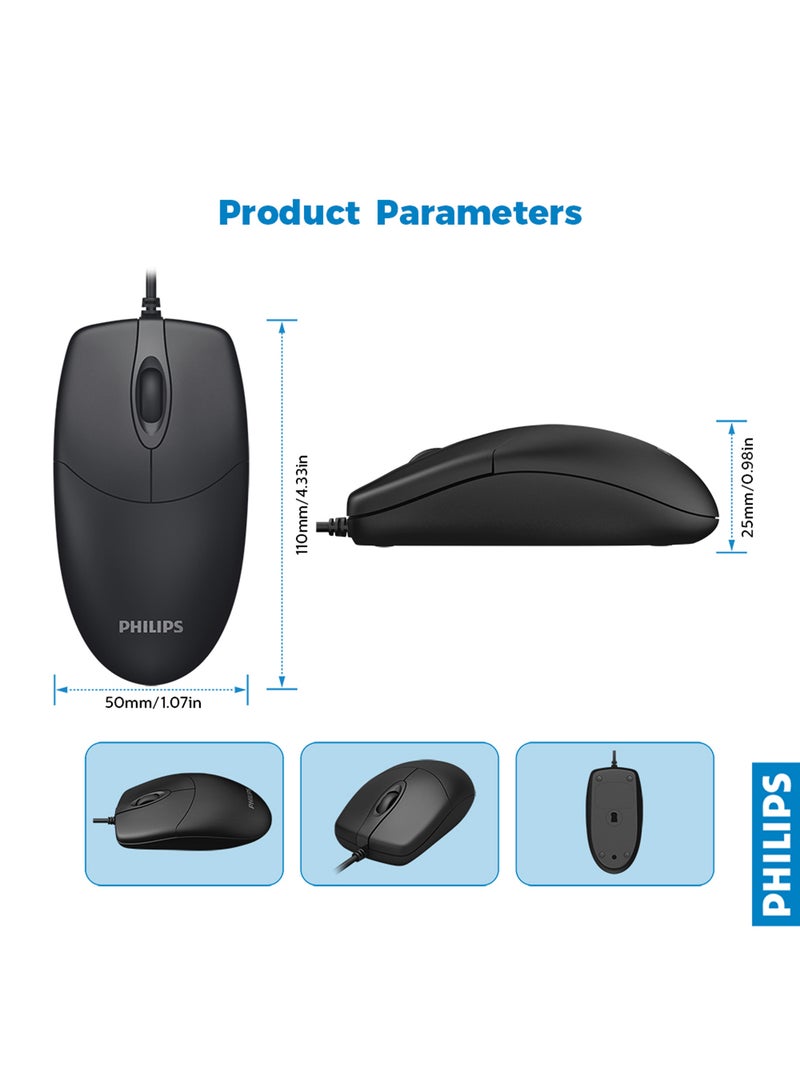 Philips - M234 Wired Mouse Black - Image 1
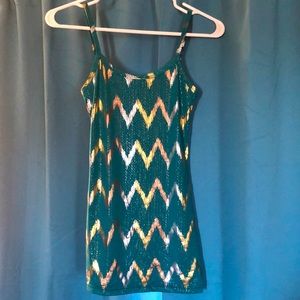 BKE Teal Tank Top w/ Metallic Silver, Gold, & Rose Gold | size S | 🎊Host Pick🎊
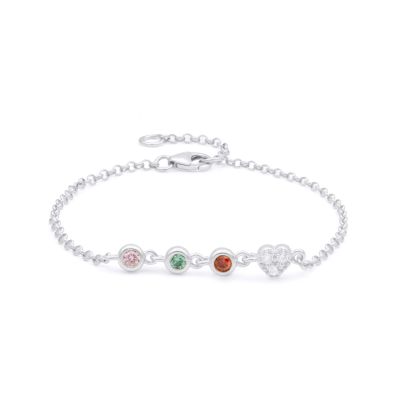 Bracelet Étoiles Enchantées Pierre de Naissance avec Charm Cœur [Argent 925]
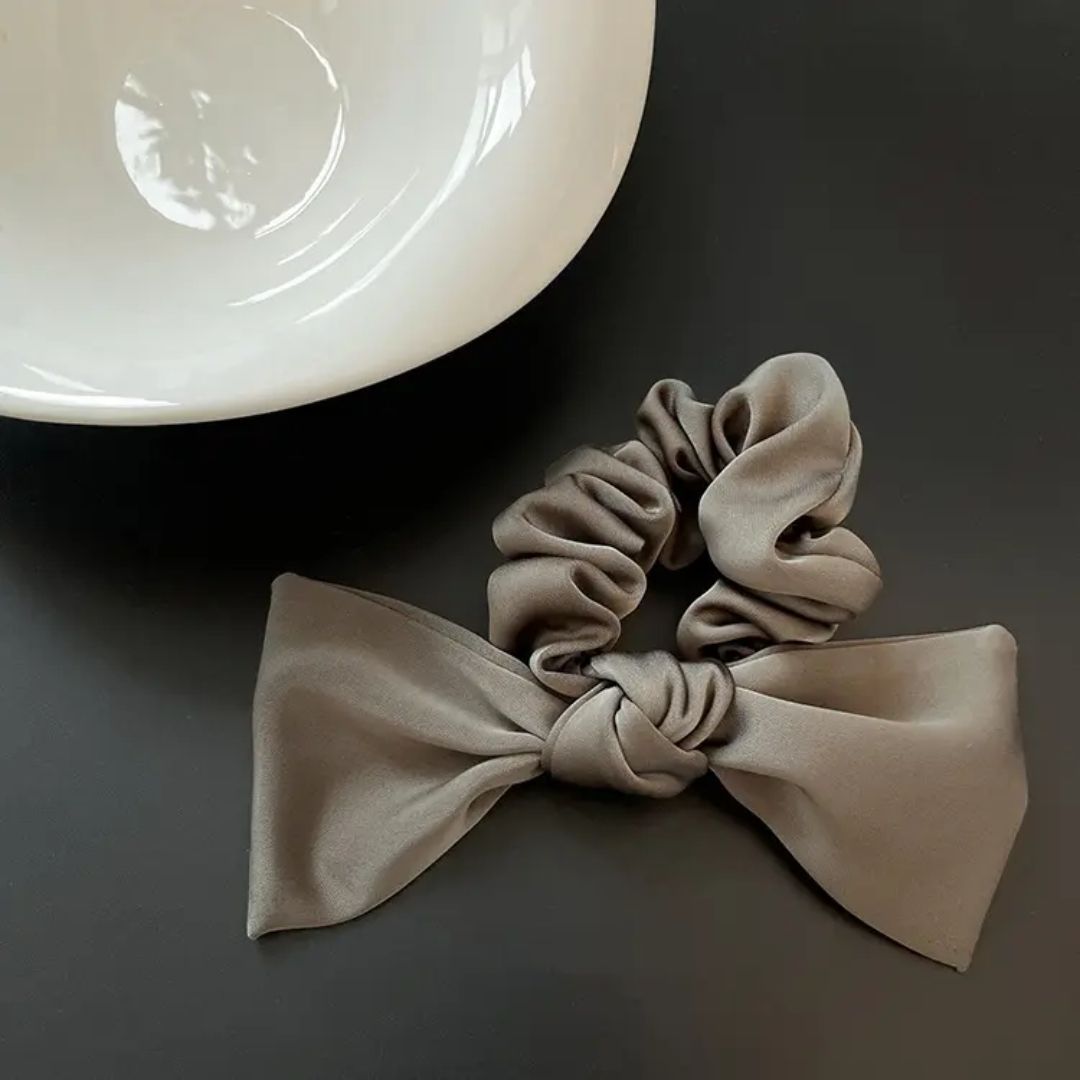 Beige Bow Scrunchie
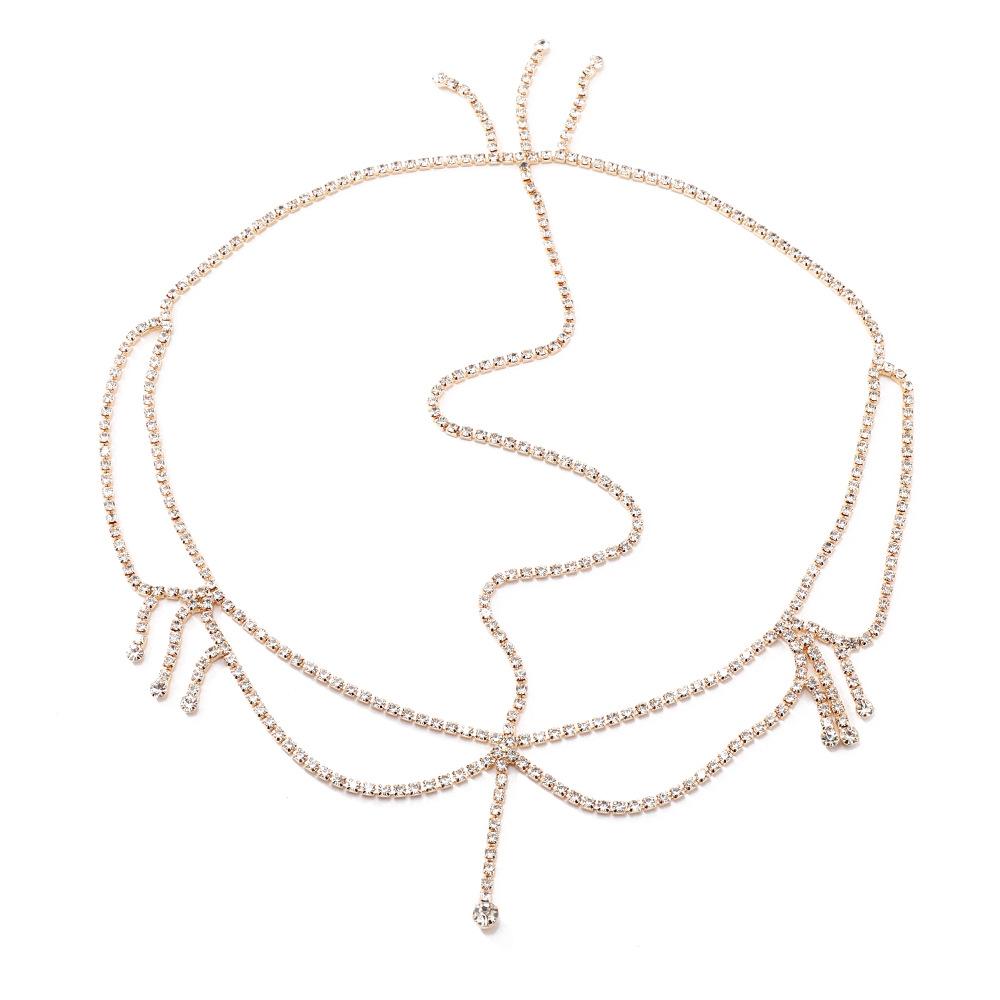 Cadena para el cabello con flecos de diamantes geométricos simples para mujer, accesorios para el cabello de moda con personalidad y temperamento.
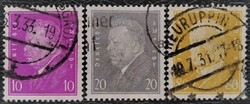 Dr435-7p / Deutsches Reich 1930 Szövetségi elnökök bélyegsor pecsételt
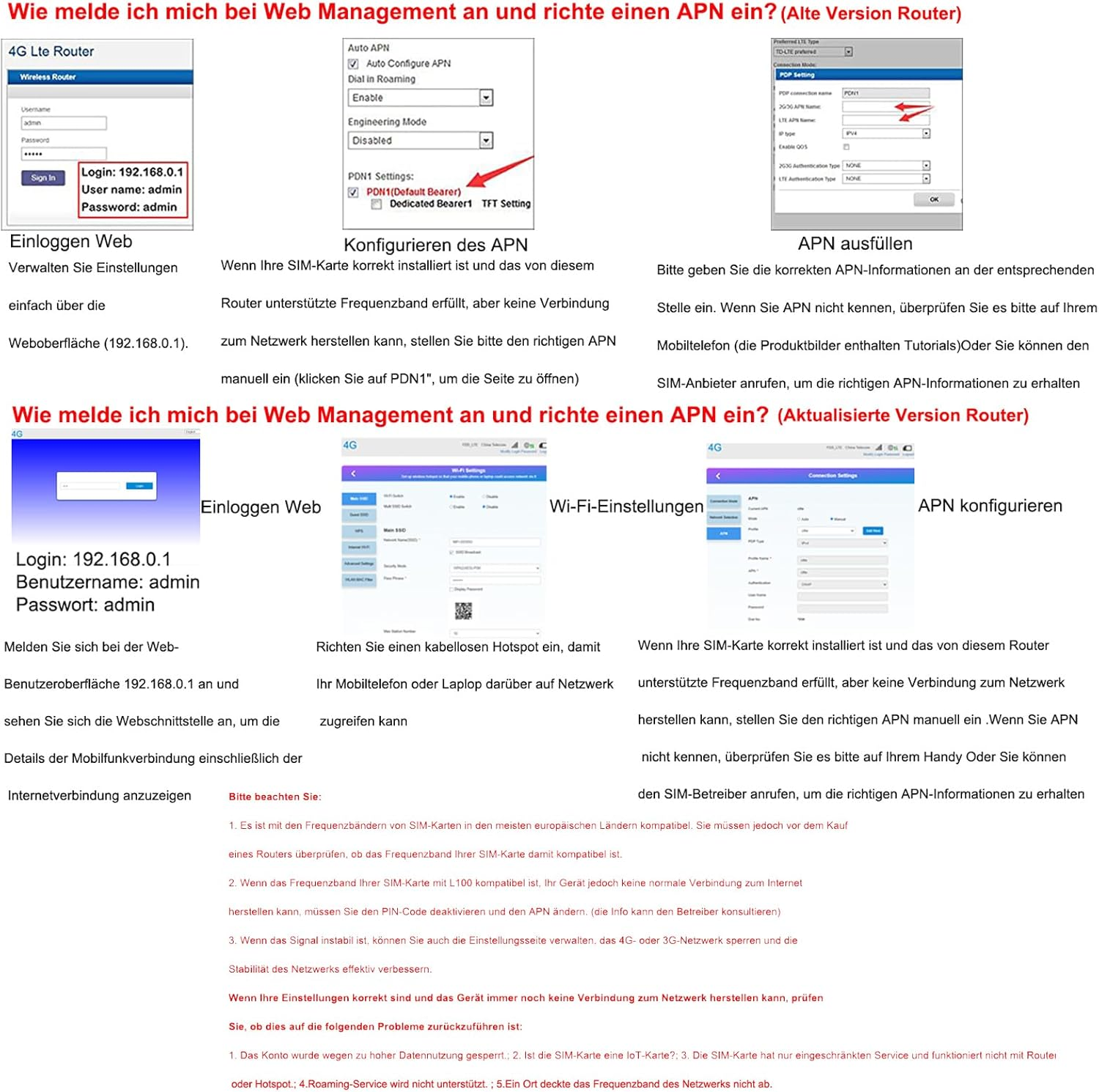Webseite mit Router-Einstellungen. Sie zeigt Login-Details, APN-Konfiguration und WLAN-Einstellungen.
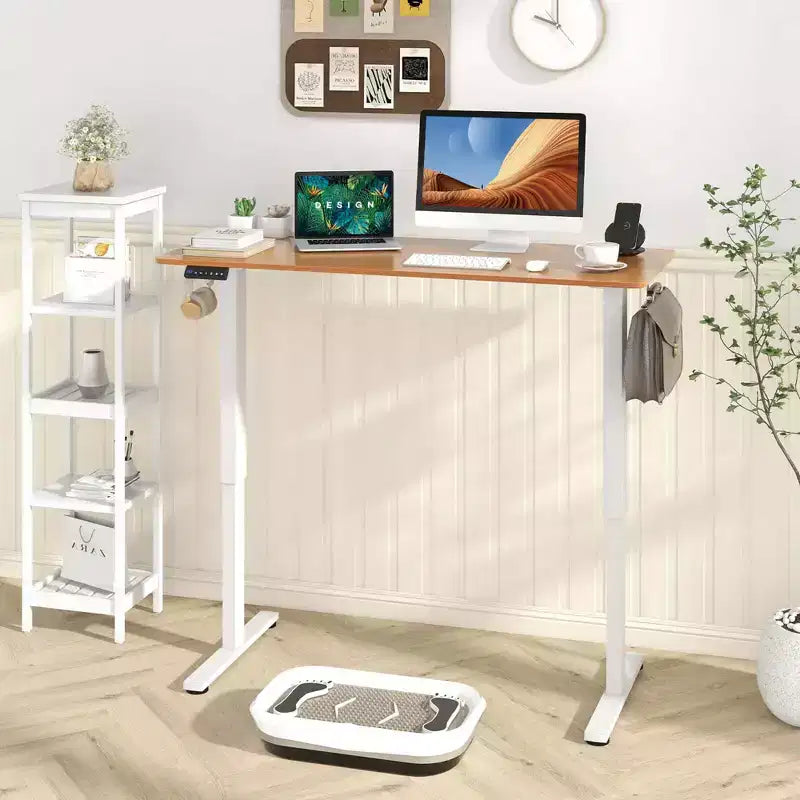 Bureau électrique réglable en hauteur marron / naturel / blanc, monoposte, 140 x 60 cm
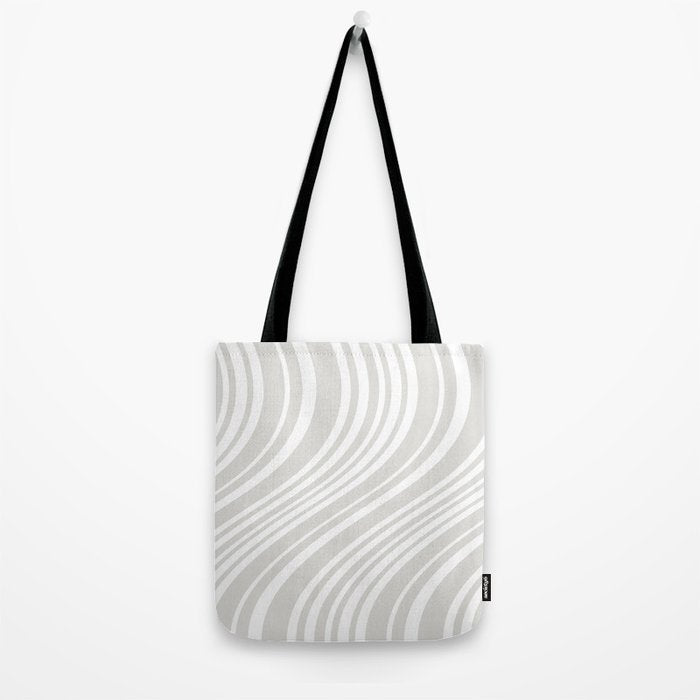 Wavy Stripes XLII - Grey and White Tote Bag Gallery Image 2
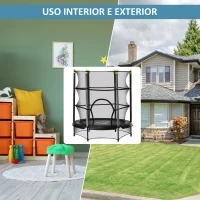 HOMCOM Trampolim para Crianças acima de 3 Anos Cama Elástica Infantil com Rede de Segurança e Estrutura de Aço para Interiores e Exteriores Carga 45kg 140x140x160cm Preto(m-6)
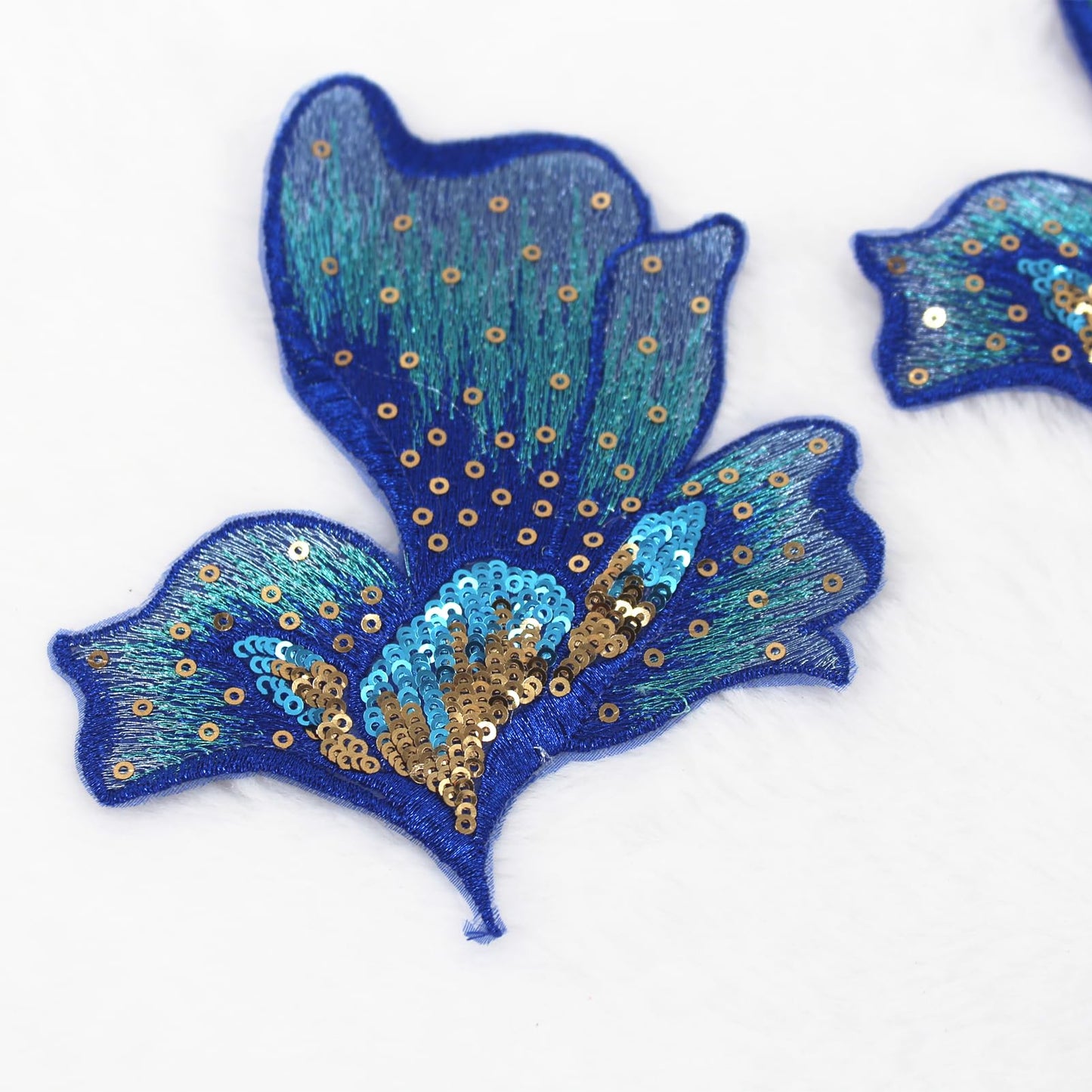 SUNMOVE 2 Pcs Embroidery Sequin Flower Applique Sewing Flower Fabric For Hat,Bra,Jacket,Gown Dress DIY Crafts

_TASK TO COMPLETE_:
Leave out the pictures, then give all the records again exactly.

_RESULT FOR THIS TASK_:
 Philips - M234 Wired Mouse Black - Image 1
 BKE Teal Tank Top w/ Metallic Silver, Gold, & Rose Gold | size S | 🎊Host Pick🎊
 Bracelet Étoiles Enchantées Pierre de Naissance avec Charm Cœur [Argent 925]
 Beige Bow Scrunchie
 Cadena para el cabello con flecos de diamantes geométricos simples para mujer, accesorios para el cabello de moda con personalidad y temperamento.
 Dr435-7p / Deutsches Reich 1930 Szövetségi elnökök bélyegsor pecsételt
Webseite mit Router-Einstellungen. Sie zeigt Login-Details, APN-Konfiguration und WLAN-Einstellungen.
 Bureau électrique réglable en hauteur marron / naturel / blanc, monoposte, 140 x 60 cm
 Wavy Stripes XLII - Grey and White Tote Bag Gallery Image 2
 HOMCOM Trampolim para Crianças acima de 3 Anos Cama Elástica Infantil com Rede de Segurança e Estrutura de Aço para Interiores e Exteriores Carga 45kg 140x140x160cm Preto(m-6)
 SUNMOVE 2 Pcs Embroidery Sequin Flower Applique Sewing Flower Fabric For Hat,Bra,Jacket,Gown Dress DIY Crafts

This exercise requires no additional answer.